Fußball: Mit Rückenwind ins Lokalderby

Fußball : Mit Rückenwind ins Lokalderby

Fußball-Bezirksliga: Nachdem der SV Vrasselt und der RSV Praest zuletzt Siege einfahren konnten, wollen die Nachbarn im Emmericher Süden den positiven Trend nun fortsetzen.

Dass der SV Vrasselt als Schlusslicht am Sonntag (15 Uhr) ins Bezirksliga-Derby gegen den RSV Praest geht, konnten die Blau-Weißen gerade noch vermeiden. Am vergangenen Sonntag lag die Mannschaft von Trainer Sascha Brouwer bereits mit 0:2 bei der DJK Vierlinden zurück, drehte aber mit einer Energieleistung noch das Spiel. Niklas König ließ sein Team mit einem Last-Minute-Treffer zum 3:2 jubeln.

Kein Wunder, dass die Stimmung im Lager des SVV, der sich mit jetzt vier Punkten auf Rang 14 verbessern konnte, während der Woche dann auch deutlich gelöster war. „Klar, der Sieg hat natürlich richtig gut getan und gibt uns neue Sicherheit. Bei einer weiteren Niederlage wäre der Druck schon sehr hoch gewesen“, hofft Brouwer nun, dass sein Team den Rückenwind aus dem ersten Saisondreier ins Derby mitnehmen wird. Positiv stimmt den Übungsleiter außerdem, dass sich die personelle Situation inzwischen deutlich gebessert hat. „Wir waren während der Woche 18 bis 20 Leute beim Training, damit lässt sich einfach auch besser arbeiten“.

Einen schwerwiegenden Ausfall gibt es allerdings am Sonntag. Florian Wirtz befindet sich im Urlaub. „Das ist nicht einfach zu kompensieren. Florian hat sich zu einem absoluten Führungsspieler entwickelt“, bedauert Brouwer, dass der Mittelfeldakteur im Lokalderby nicht mitwirken kann. Des Weiteren befinden sich Joel Manoch, Maik Boch und Nick Hellebrand auf einer Klassenfahrt.

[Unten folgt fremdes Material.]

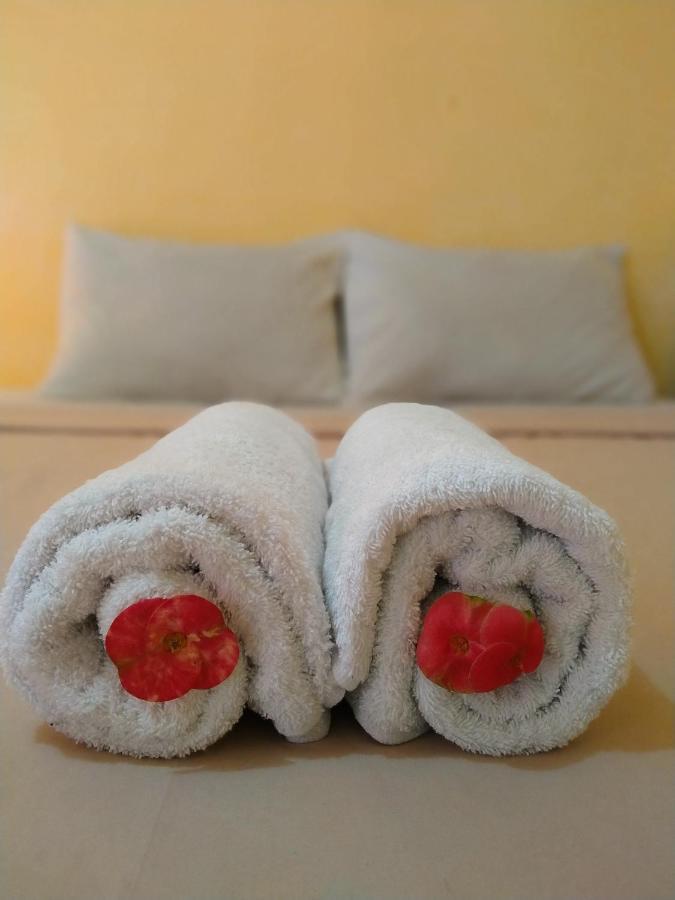 Kuta Garden Homestay Экстерьер фото
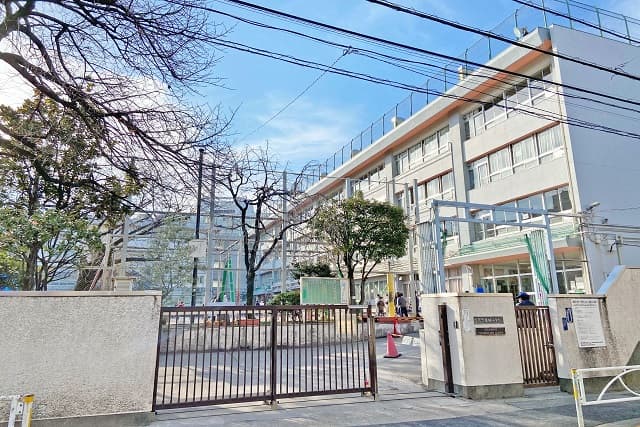 区立東根小学校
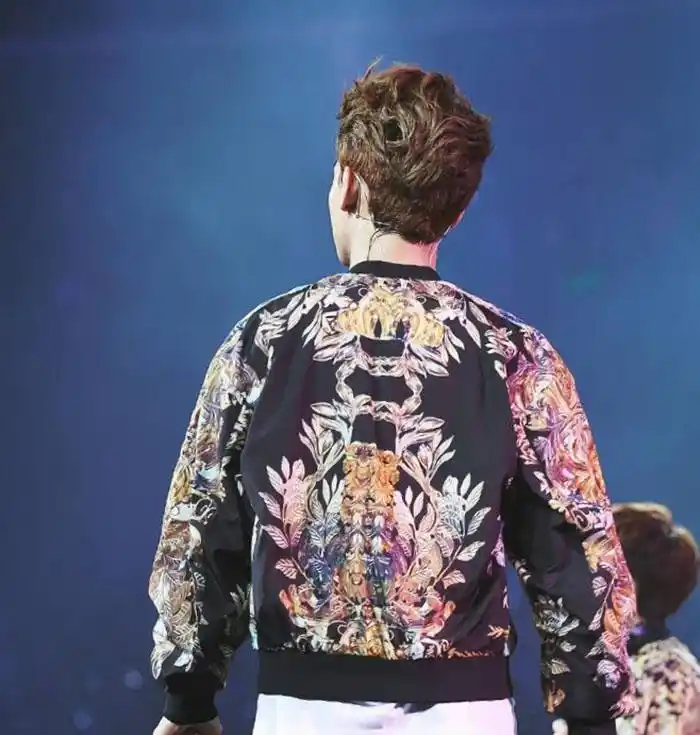 exo成员的帅气背影,我只认出了张艺兴和吴世勋,你呢?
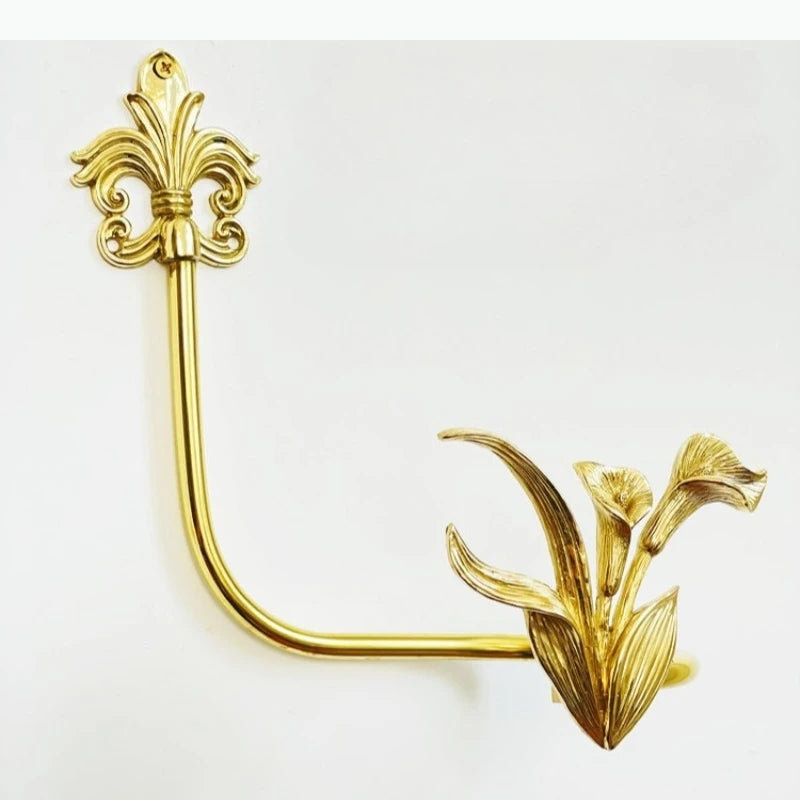 porte serviettes mural classique baroque fleurs stylisées doré fixations plaque fixation inclusOpaque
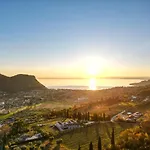 Sunset - Enjoy Lodge *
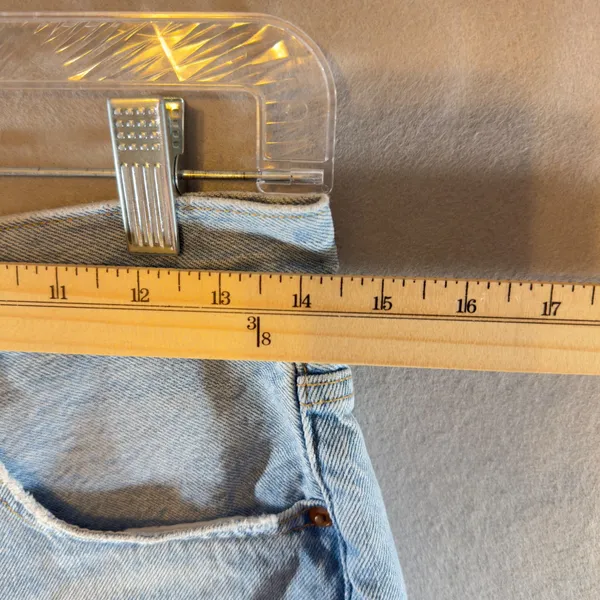 532 | Levi's 501 Original Womens High Rise Distressed Denim‎ Shorts Light Wash - Image 3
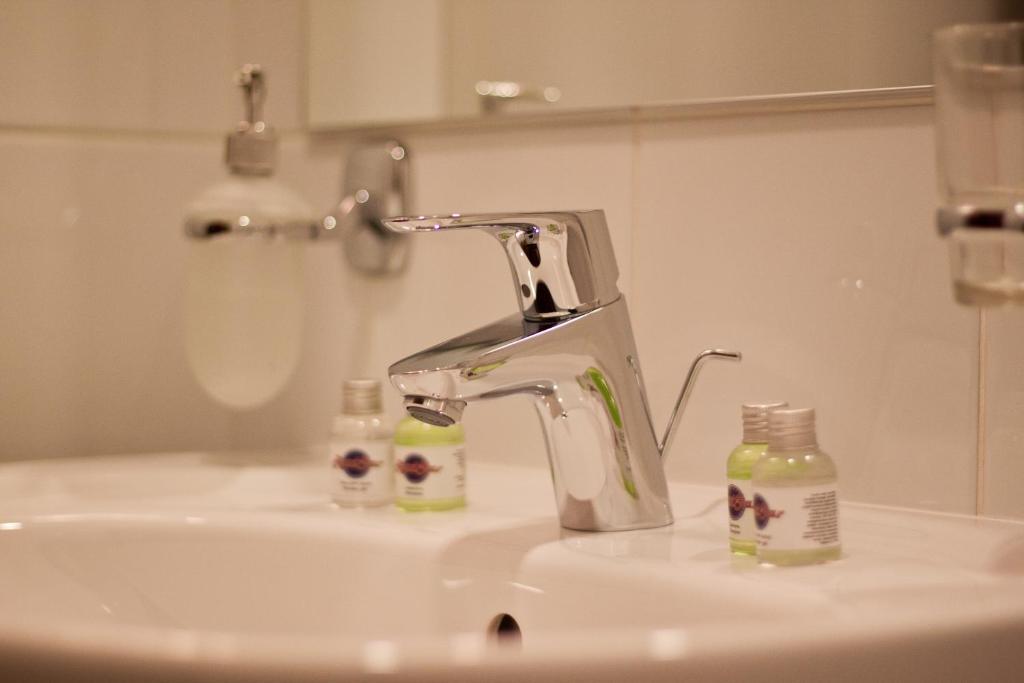 Road Star Hotel Dnipro Room photo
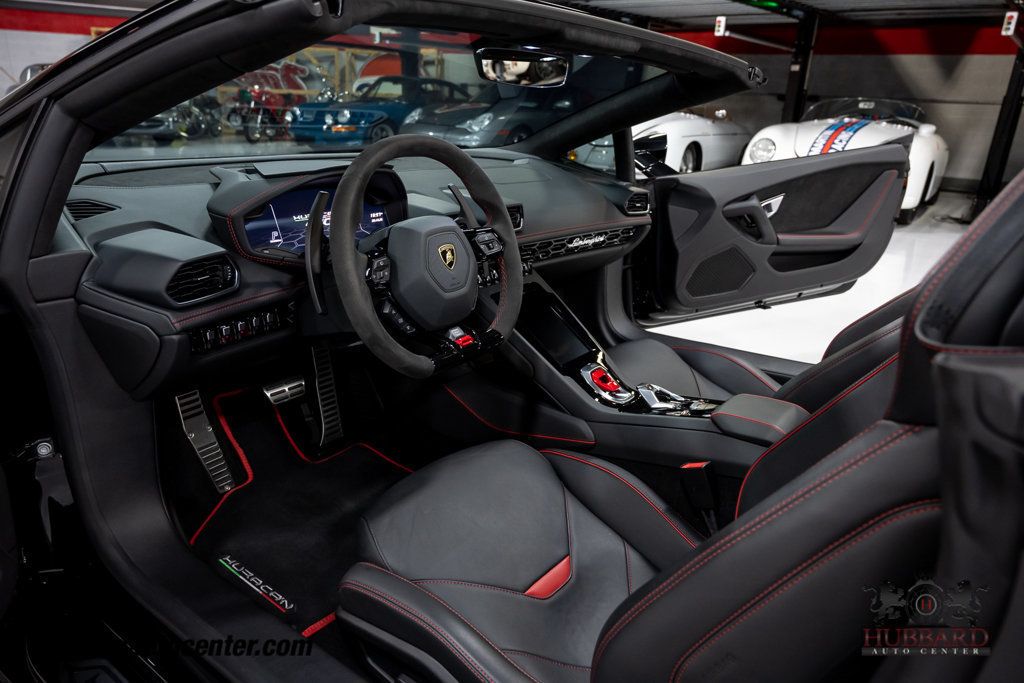 2021 Lamborghini Huracan EVO Spyder RWD - 22936149 - 16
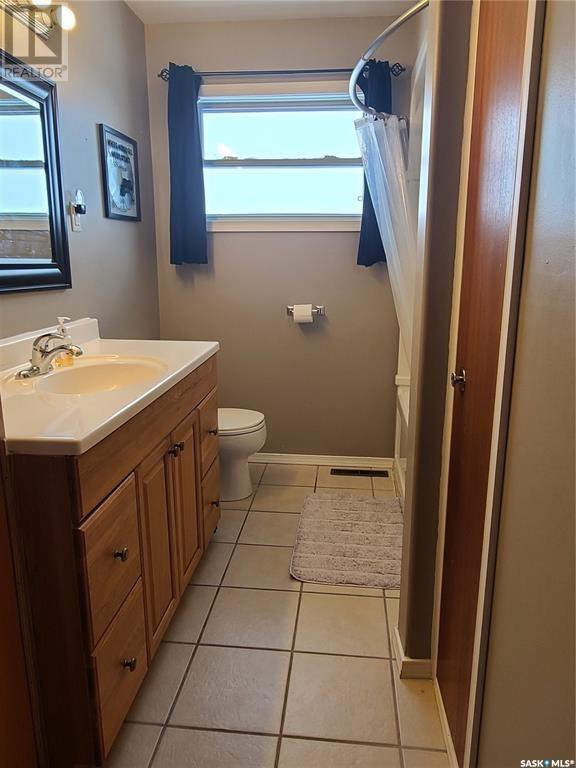 46 Newcombe Street, Manor, Saskatchewan  S0C 1R0 - Photo 15 - SK987574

„Bei einem kleinen Mannschaftsabend nach dem Freitagtraining haben wir uns auf das Spiel schon mal eingeschworen“, fiebert Brouwer dem Duell im Emmericher Süden entgegen, das wohl auf dem Kunstrasenplatz ausgetragen wird.

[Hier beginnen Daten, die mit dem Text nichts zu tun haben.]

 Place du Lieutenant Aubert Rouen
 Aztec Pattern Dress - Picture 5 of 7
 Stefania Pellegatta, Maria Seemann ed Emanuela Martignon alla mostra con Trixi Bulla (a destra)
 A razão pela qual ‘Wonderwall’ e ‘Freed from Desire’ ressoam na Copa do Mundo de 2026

„Es ist Derbyzeit, damit ist eigentlich alles gesagt“, erwartet auch RSV-Trainer Roland Kock ein wie immer intensives Match zwischen den beiden Nachbarn vor einer sicherlich wieder sehr ansehnlichen Kulisse. „Es wäre natürlich schön, wenn wir mal wieder drei Punkte holen könnten“, meint der Coach der Schwarz-Gelben angesichts von drei Unentschieden und einem Vrasselter Sieg in den beiden vergangenen Jahren.

Auf eine absolut ausgeglichene Bilanz kommt der RSV in der bisherigen Saison. Jeweils zwei Siege und Niederlagen und ein Remis bei einem Torverhältnis von 8:8 lautet die Ausbeute. Zuletzt gab es einen 2:0-Erfolg gegen die DJK TuS Stenern. „Das war in Ordnung, weil wir am Ende die Punkte geholt haben. Allerdings müssen wir weiter an allen Schrauben drehen und besseren Fußball spielen. Wir müssen noch mehr Leidenschaft zeigen, aber in den entscheidenden Momenten auch einen kühlen Kopf bewahren“, wünscht sich der RSV-Trainer. „Der Sieg zuletzt hat den Vrasseltern sicherlich auch neue Kraft gegeben“.

Nils Rütjes wird dem RSV aufgrund eines Bänderrisses weiter fehlen. „Er hätte natürlich wahnsinnig gerne gespielt“, so Kock. Bekanntlich war der Offensivspieler zur aktuellen Saison aus Vrasselt zum RSV gewechselt und hatte in den ersten Partien gezeigt, dass er eine Verstärkung für die Schwarz-Gelben ist. Ebenso ausfallen werden Marvin Schwarz (Kreuzbandriss), Fabian Meyer, Maveric Hülsmann (beide Knieprobleme) und Daniel Zwiekhorst (beruflich verhindert). Ein Fragezeichen steht zudem hinter dem Einsatz von Mike Wezendonk, der gegen Stenern ausgewechselt werden musste und in den vergangenen Tagen an einer Blockade im Gesäßmuskel laborierte. Wieder zurück im Kader ist Erdal Dag, der zuletzt wegen Rückenschmerzen passen musste.